> **PROMPT**: Give again exactly the lines that run from the start of the records to the line holding "Macro shot of", both ends counted. Do not include the pictures.

(DATA LISTING Opens)

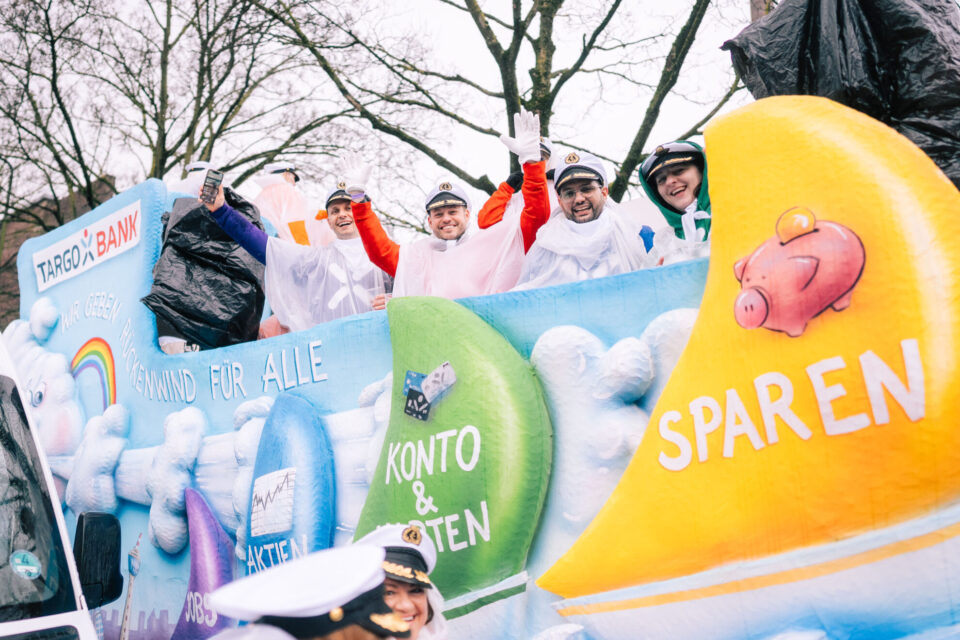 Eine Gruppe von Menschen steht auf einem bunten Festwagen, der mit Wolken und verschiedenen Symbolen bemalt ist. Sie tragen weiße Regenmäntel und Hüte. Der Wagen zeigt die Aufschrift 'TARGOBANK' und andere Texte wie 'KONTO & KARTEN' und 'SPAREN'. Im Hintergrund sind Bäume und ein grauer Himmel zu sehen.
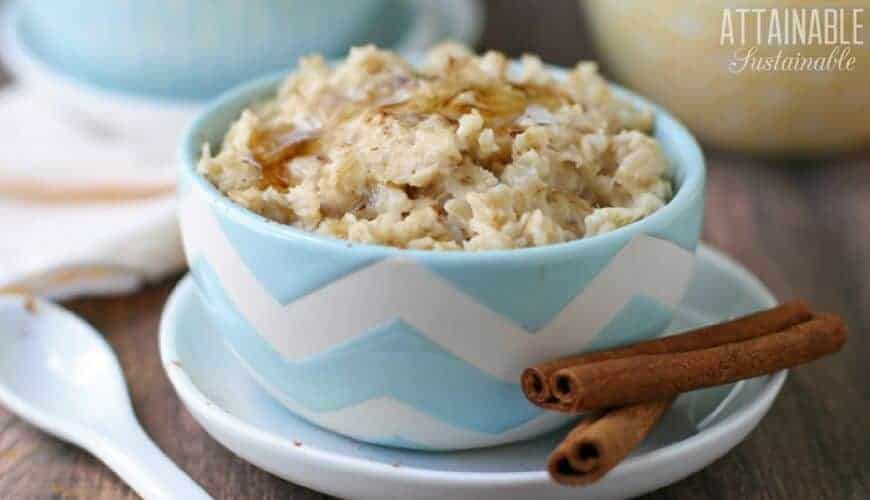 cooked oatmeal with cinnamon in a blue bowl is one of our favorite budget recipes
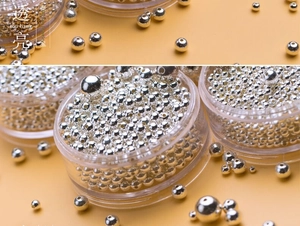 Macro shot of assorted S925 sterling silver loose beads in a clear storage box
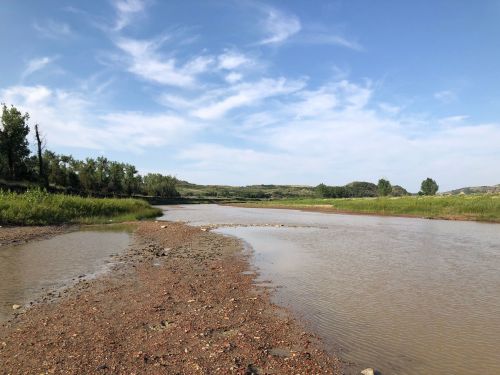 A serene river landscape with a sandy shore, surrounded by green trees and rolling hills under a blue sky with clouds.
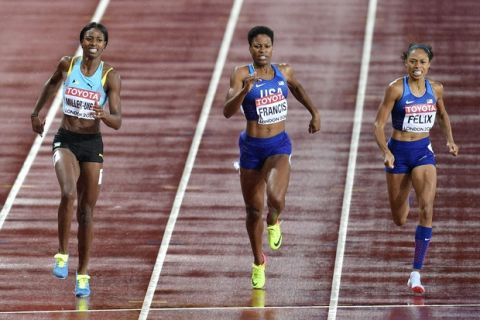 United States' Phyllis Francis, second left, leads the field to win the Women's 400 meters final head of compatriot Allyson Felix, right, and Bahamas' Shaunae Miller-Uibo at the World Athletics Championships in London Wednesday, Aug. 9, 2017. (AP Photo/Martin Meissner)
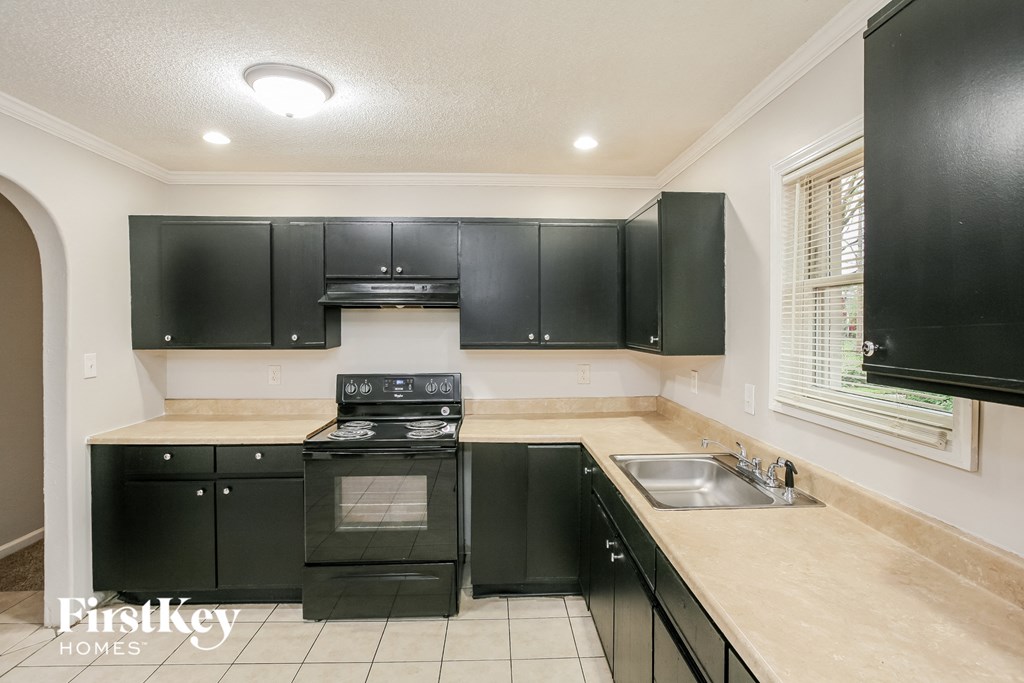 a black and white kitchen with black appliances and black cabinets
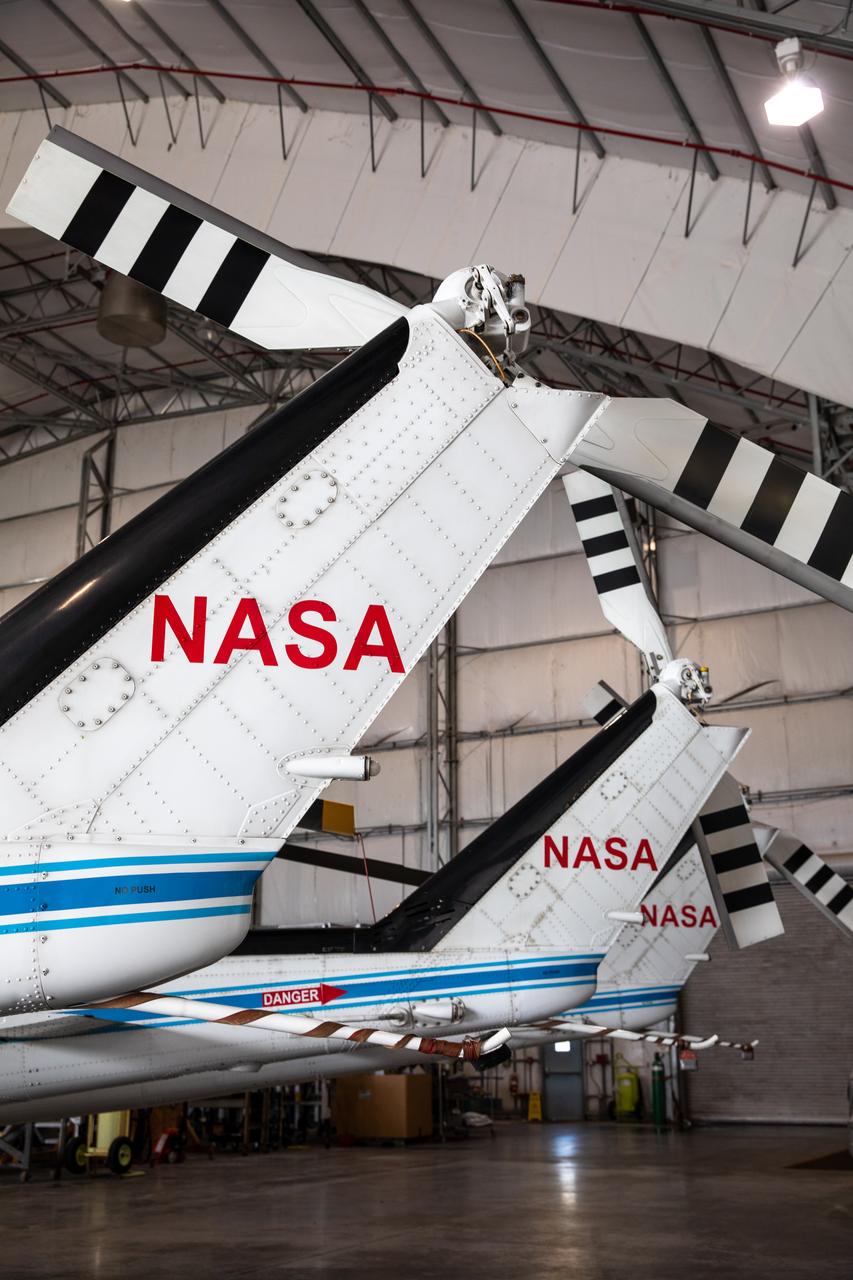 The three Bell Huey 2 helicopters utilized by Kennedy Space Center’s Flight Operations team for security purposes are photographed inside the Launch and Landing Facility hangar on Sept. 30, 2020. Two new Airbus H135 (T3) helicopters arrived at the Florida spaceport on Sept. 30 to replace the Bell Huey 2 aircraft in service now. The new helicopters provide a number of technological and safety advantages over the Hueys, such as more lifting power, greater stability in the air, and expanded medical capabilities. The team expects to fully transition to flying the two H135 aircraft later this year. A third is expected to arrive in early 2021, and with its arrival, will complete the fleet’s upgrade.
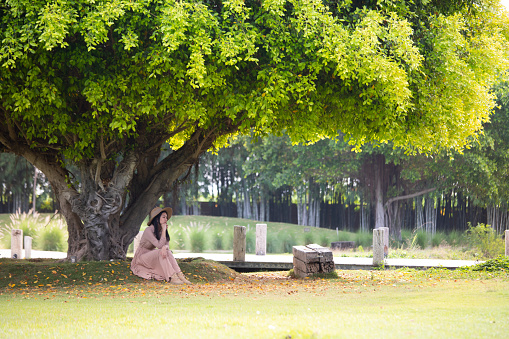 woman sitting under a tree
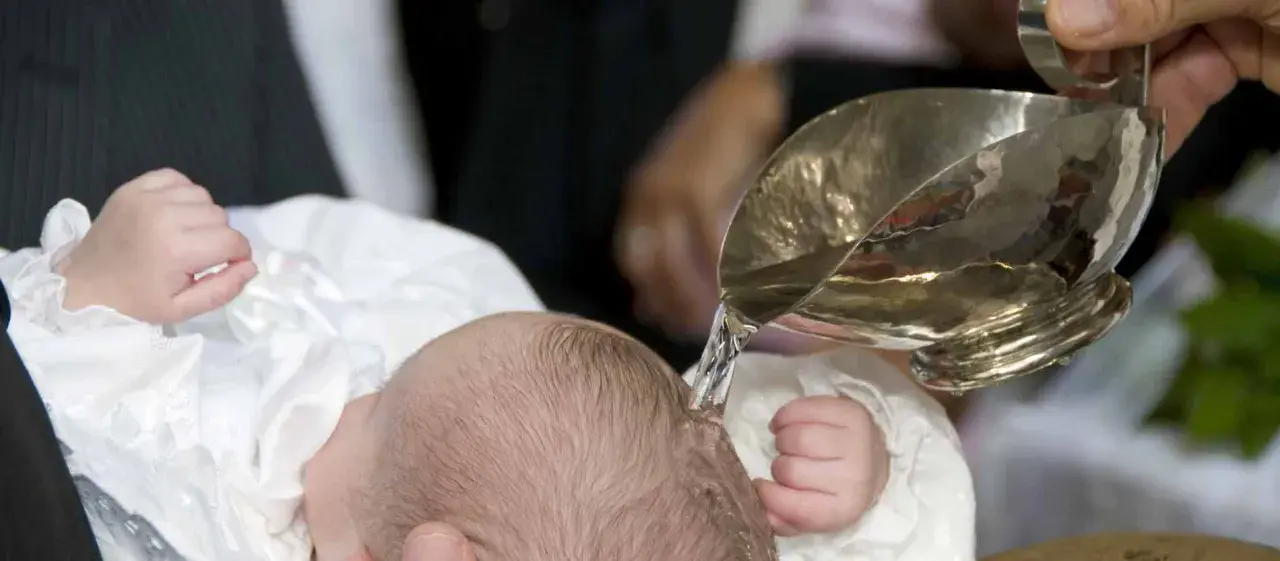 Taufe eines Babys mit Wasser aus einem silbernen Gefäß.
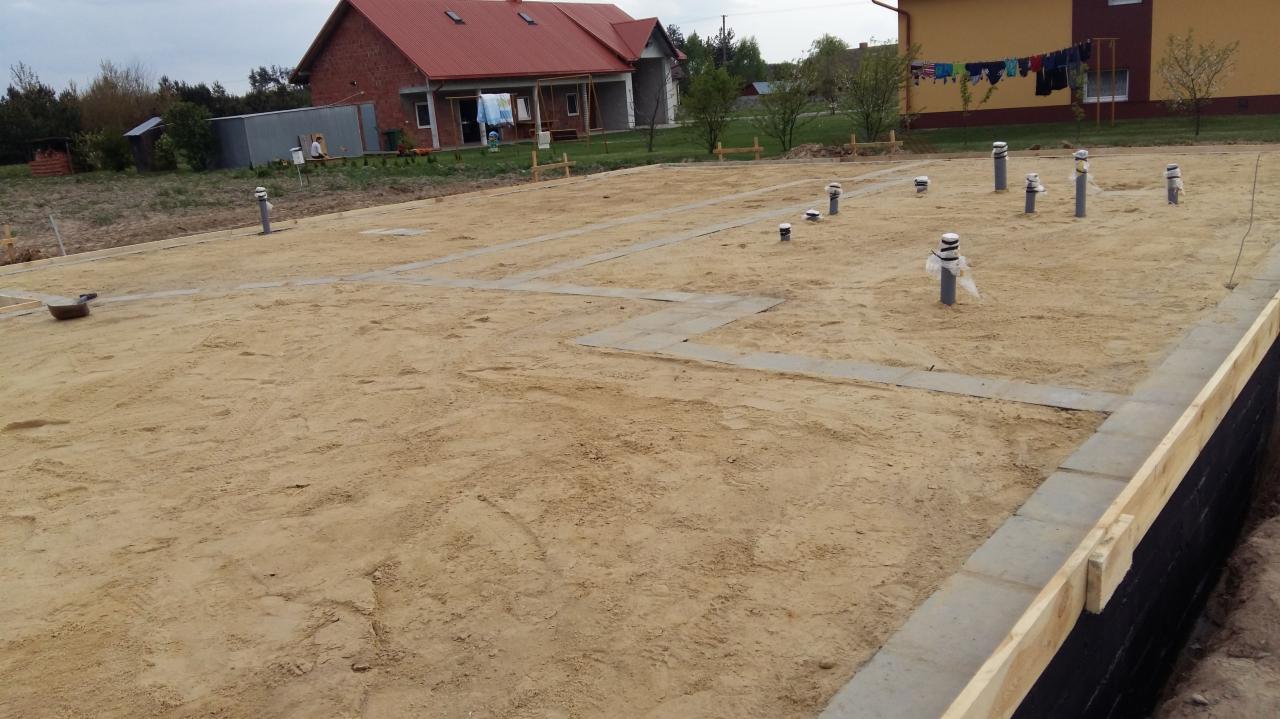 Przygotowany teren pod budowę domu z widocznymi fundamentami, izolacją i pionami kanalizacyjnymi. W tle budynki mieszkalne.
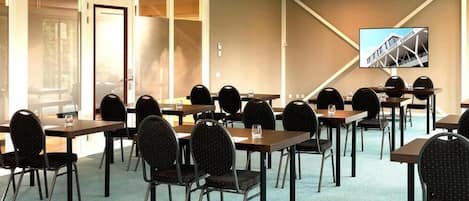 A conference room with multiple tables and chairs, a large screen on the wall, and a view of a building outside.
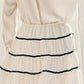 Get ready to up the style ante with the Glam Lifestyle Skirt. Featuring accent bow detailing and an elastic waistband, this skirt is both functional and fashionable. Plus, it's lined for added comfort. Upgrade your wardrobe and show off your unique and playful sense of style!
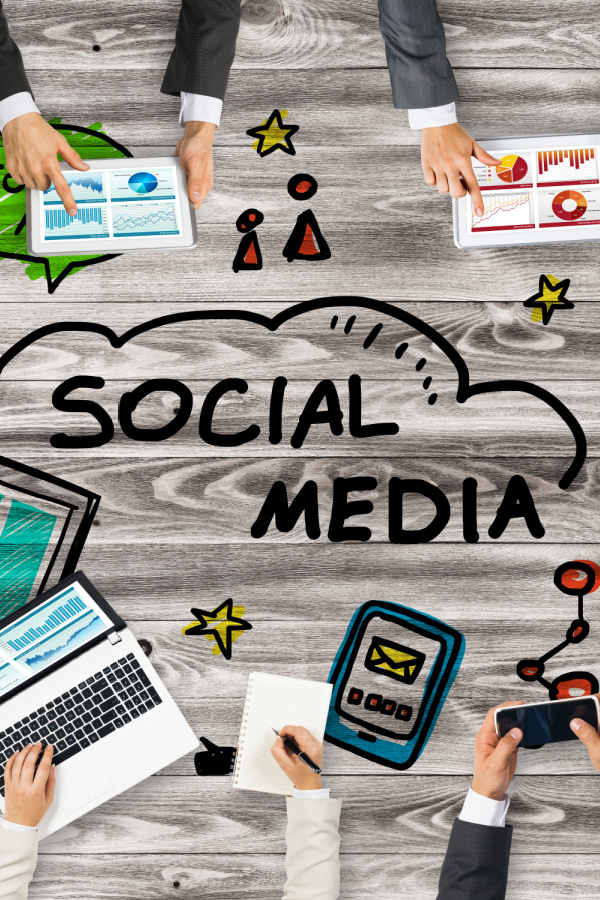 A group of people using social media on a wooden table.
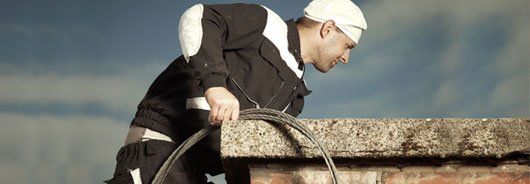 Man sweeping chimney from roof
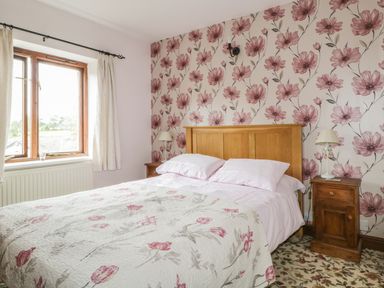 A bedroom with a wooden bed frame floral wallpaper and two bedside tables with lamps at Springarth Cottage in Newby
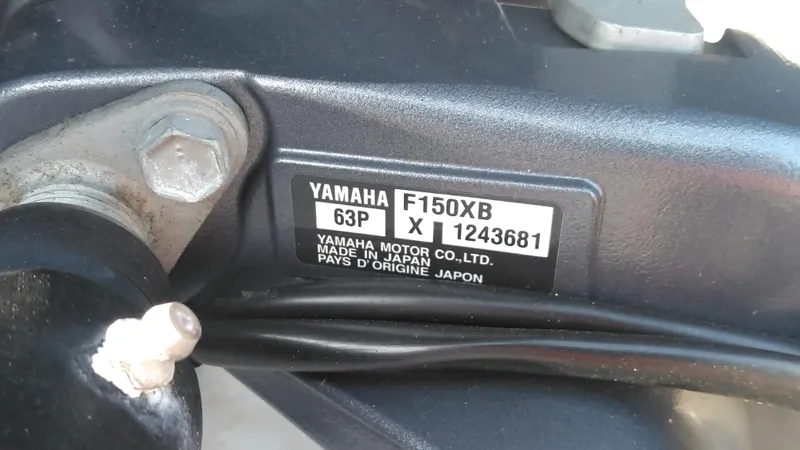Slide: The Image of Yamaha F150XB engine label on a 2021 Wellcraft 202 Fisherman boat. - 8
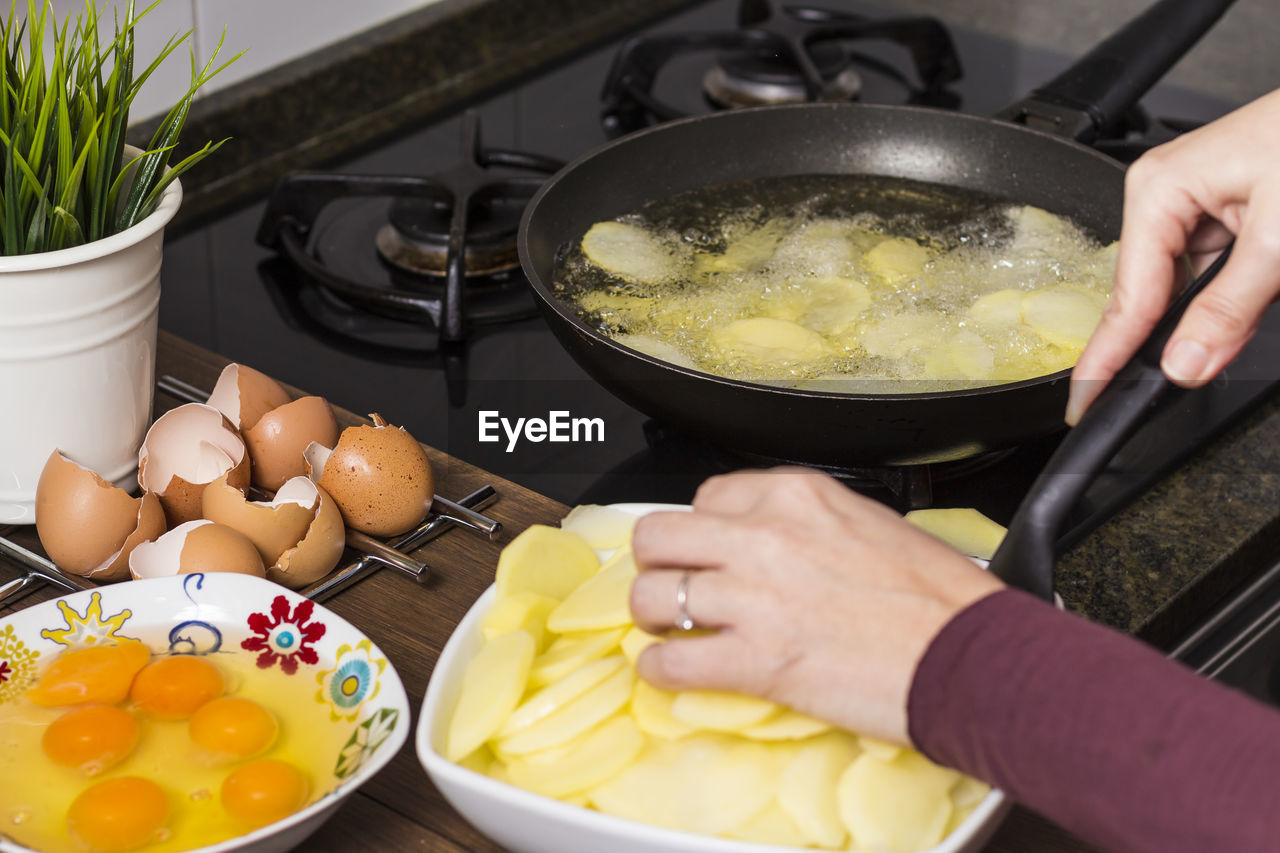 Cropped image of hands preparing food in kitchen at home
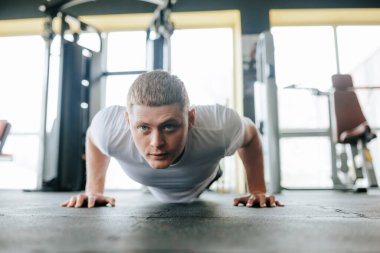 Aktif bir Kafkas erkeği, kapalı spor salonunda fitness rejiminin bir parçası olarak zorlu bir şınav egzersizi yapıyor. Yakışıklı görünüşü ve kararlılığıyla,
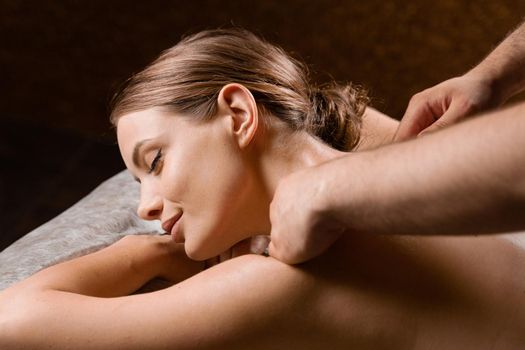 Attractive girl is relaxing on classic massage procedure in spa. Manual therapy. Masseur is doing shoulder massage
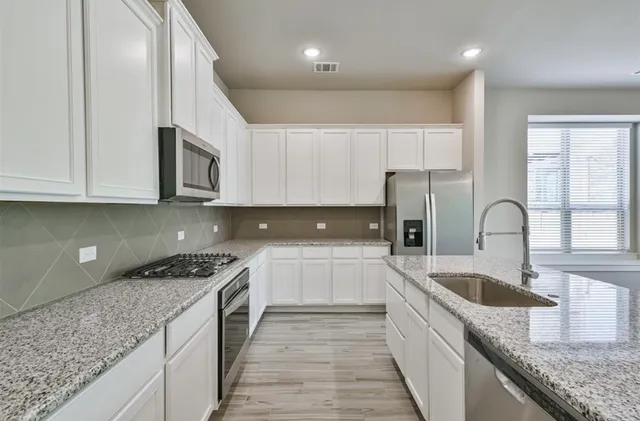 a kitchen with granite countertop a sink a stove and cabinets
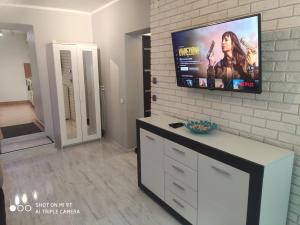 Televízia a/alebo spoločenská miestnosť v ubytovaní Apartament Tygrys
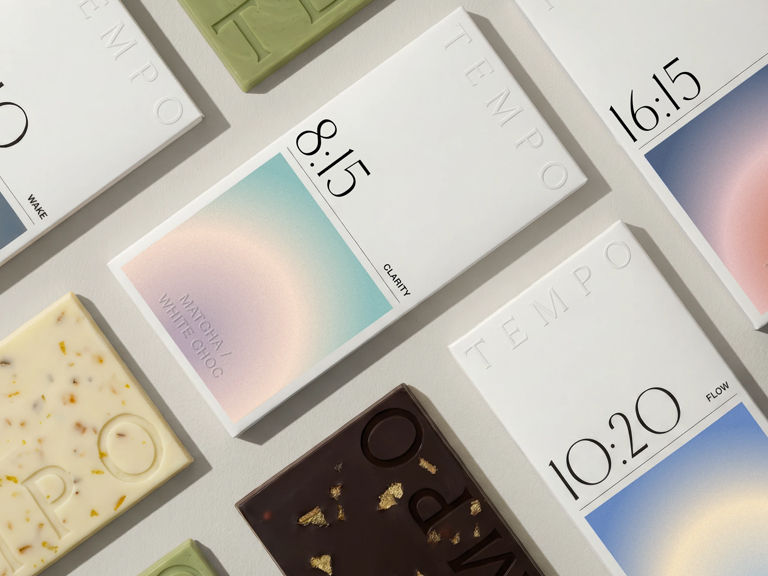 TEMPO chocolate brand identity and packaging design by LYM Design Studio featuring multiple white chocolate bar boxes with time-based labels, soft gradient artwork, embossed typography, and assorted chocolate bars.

(DATA LISTING Closes)

> **THE ANSWER**:
 Eine Gruppe von Menschen steht auf einem bunten Festwagen, der mit Wolken und verschiedenen Symbolen bemalt ist. Sie tragen weiße Regenmäntel und Hüte. Der Wagen zeigt die Aufschrift 'TARGOBANK' und andere Texte wie 'KONTO & KARTEN' und 'SPAREN'. Im Hintergrund sind Bäume und ein grauer Himmel zu sehen.
 cooked oatmeal with cinnamon in a blue bowl is one of our favorite budget recipes
 Macro shot of assorted S925 sterling silver loose beads in a clear storage box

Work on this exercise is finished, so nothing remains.